◆ **Entries supplied**:

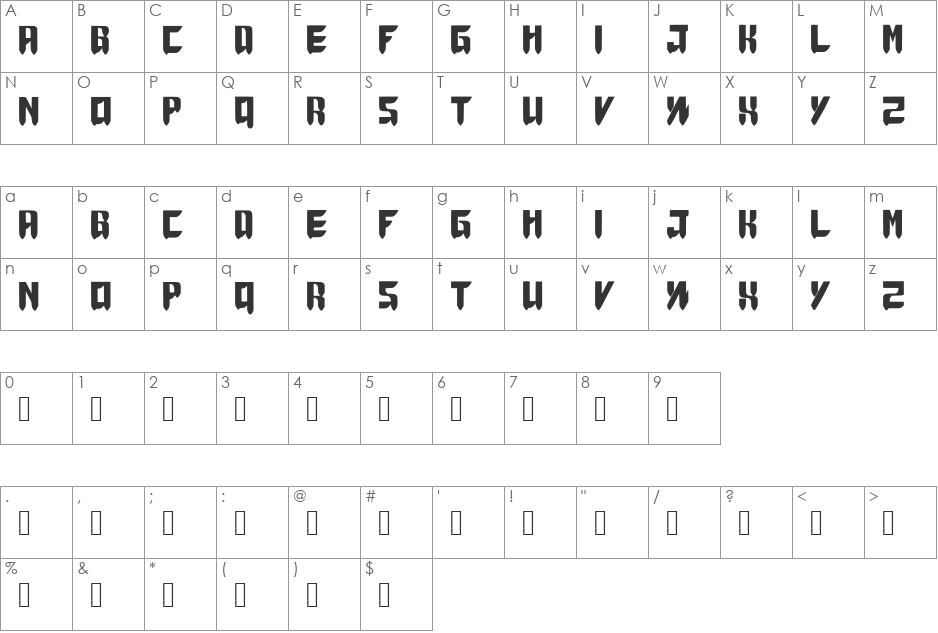 Thunder Force Wannabe ver.1.1 font character map preview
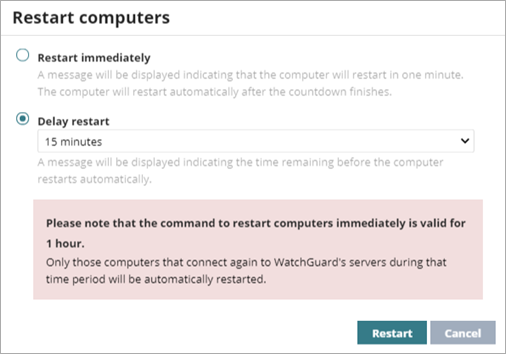 Screen shot of WatchGuard Endpoint Security, Restart Computers dialog box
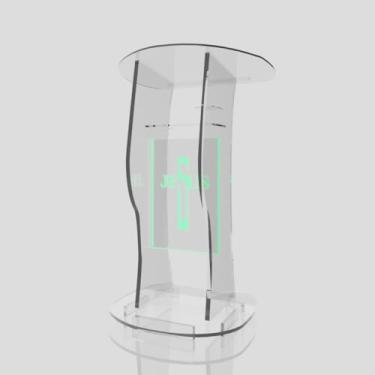 Imagem de Púlpito em Acrílico para Igreja e/ou Eventos com Gravação e Led grátis Mod. Jonas Transparente (Tradicional, Moderna ou Sem Gravação) Cores em Led. (Grav. "Jesus" Moderno, LED VERDE)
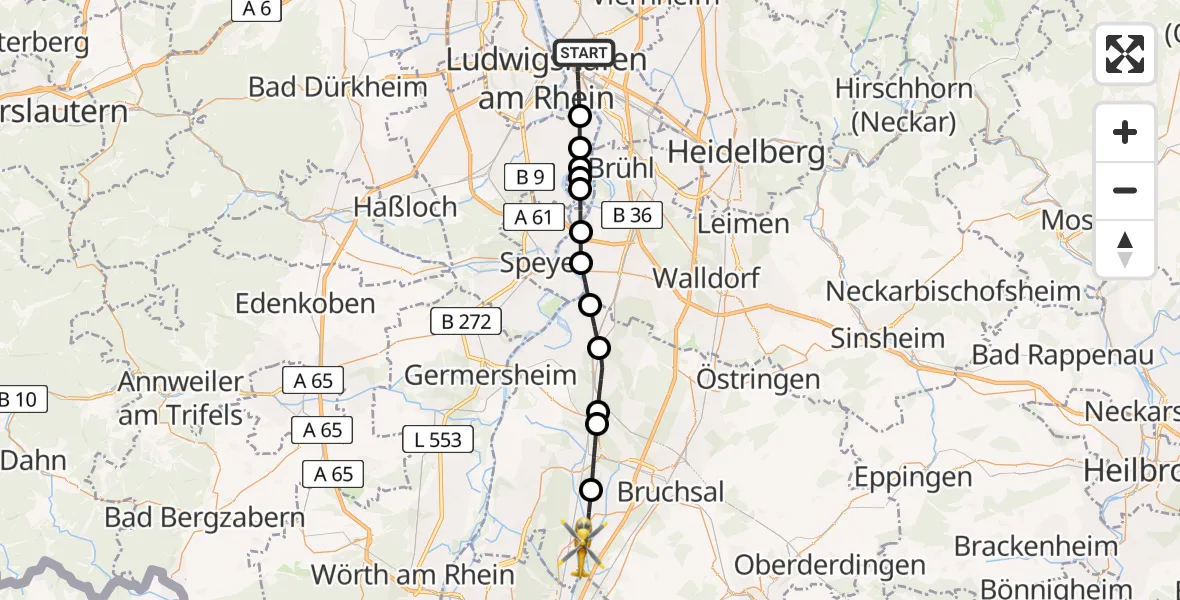 Flugroute Rettungshubschrauber Mannheim - Stutensee, 14 Juli 2026, 06:50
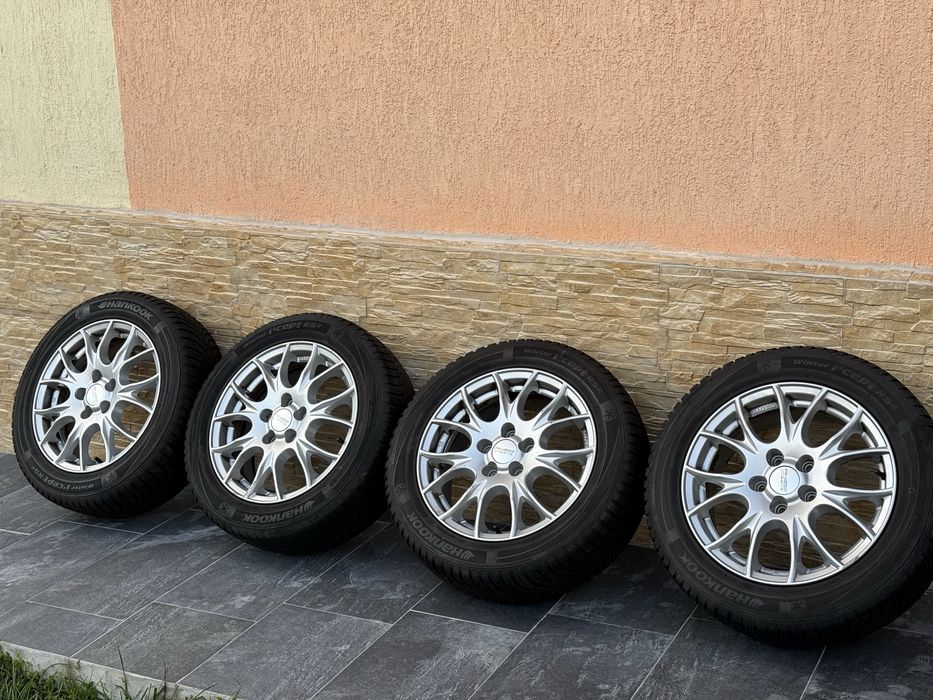 Roti Jante Aliaj 5x112 Anvelope Iarna 205/55R16 Hankook VW Passat Golf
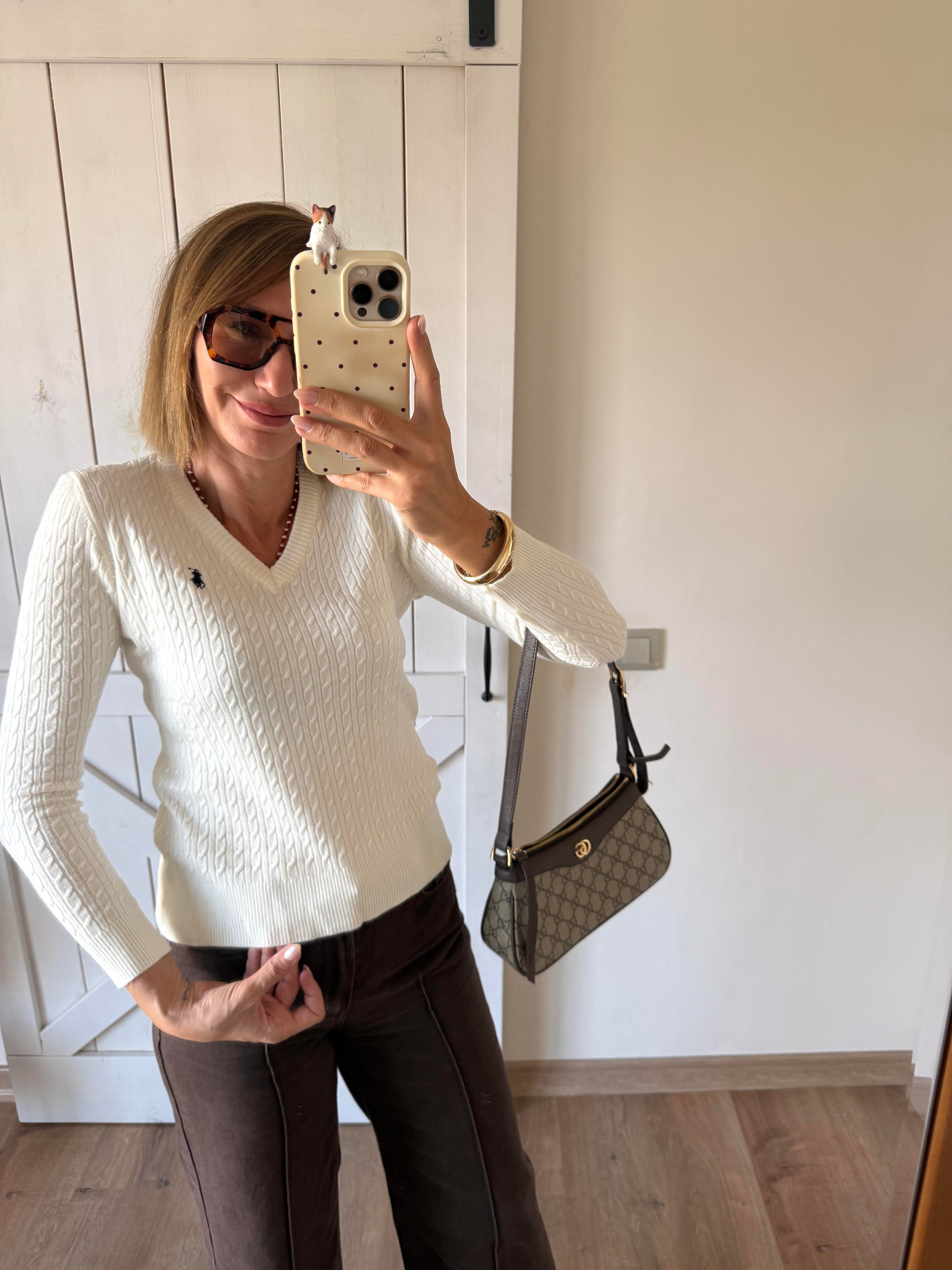 Kırık Beyaz Saç Örgülü Triko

◆ **Aim of the exercise**: Each line of the data above must be repeated exactly, images excluded.

◆ **Response area**:
 Thunder Force Wannabe ver.1.1 font character map preview
 Screen shot of WatchGuard Endpoint Security, Restart Computers dialog box
 Imagem de Púlpito em Acrílico para Igreja e/ou Eventos com Gravação e Led grátis Mod. Jonas Transparente (Tradicional, Moderna ou Sem Gravação) Cores em Led. (Grav. "Jesus" Moderno, LED VERDE)
 Flugroute Rettungshubschrauber Mannheim - Stutensee, 14 Juli 2026, 06:50
 Roti Jante Aliaj 5x112 Anvelope Iarna 205/55R16 Hankook VW Passat Golf
 Kırık Beyaz Saç Örgülü Triko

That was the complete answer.